It may come as a surprise to learn that in at least one Utah county it apparently is illegal to hire trombone players to play on the street to advertise an auction, or that Jell-O is the official state snack. Did you know that Utah often ranks as the second or third driest state in the U.S., or that some parts of the state experience about 300 sunny days a year? Oh, and in case you have been asleep for the past several years, you might be interested to know that Utah is heaven on earth for motorcyclists. (It is a fact—I checked.) So it’s no wonder that when Kris and I were asked to do this tour on a pair of 2019 KTM 790 Adventure R’s, I couldn’t say yes fast enough or loud enough. Of course, we will be leaving our trombones at home.
Just Up the Road
The small town of Bluff, UT, is tucked away in the southeastern corner of the state. It’s in the Four Corners region, the only place in the United States where four states meet—Colorado, New Mexico, Arizona, and Utah, specifically. While the area has long been home to Native Americans, in 1880 roughly 230 Mormon settlers arrived here in search of farmland. The picturesque town has since become a haven for those seeking an escape from larger cities. Many residents of the area are artists, writers, and others who enjoy a less conventional lifestyle. This is where Kris and I start our four-day journey traveling some of Utah’s better known (and a few lesser known) roads.

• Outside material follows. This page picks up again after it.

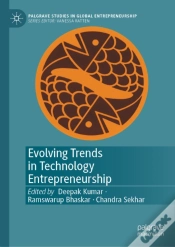 Capa do artigo Evolving Trends In Technology Entrepreneurship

It’s late September, and while it was quite windy when we rolled into town last night, the winds have died down this morning. Preparing for departure from our overnight stay at the Kokopelli Inn, we are traveling with minimal gear; our only luxury is a pair of Sena headsets. With our communicators paired, we head off under sunny skies toward the ever-popular adventure seeker’s utopia known as Moab, UT.
While the city is just under 100 miles due north, we will not be taking the direct route to “Adventureland.” In short order, we depart the highway in favor of the unpaved CR 146 (aka Montezuma Canyon Road). The hard-packed dirt and gravel surface is well groomed and absent of any traffic, allowing us to get better acquainted with our machines. The 43-mile stretch of road climbs gradually, with a few switchbacks along the way. While it is not technically challenging, we do have to make an extra effort to keep our eyes on the road, passing several caves, unique rock formations, and petroglyphs before we rejoin US 191 and pavement.
Farther north, we again leave the highway behind for La Sal Loop Road. The two-lane blacktop ascends into the Manti-La Sal National Forest, where at higher elevation the aspen trees don their fall attire. Kris suggests we stop to take in the view and some “road food.” On the intrepid travelers menu for today (as most days) is beef jerky, cheese, and a banana.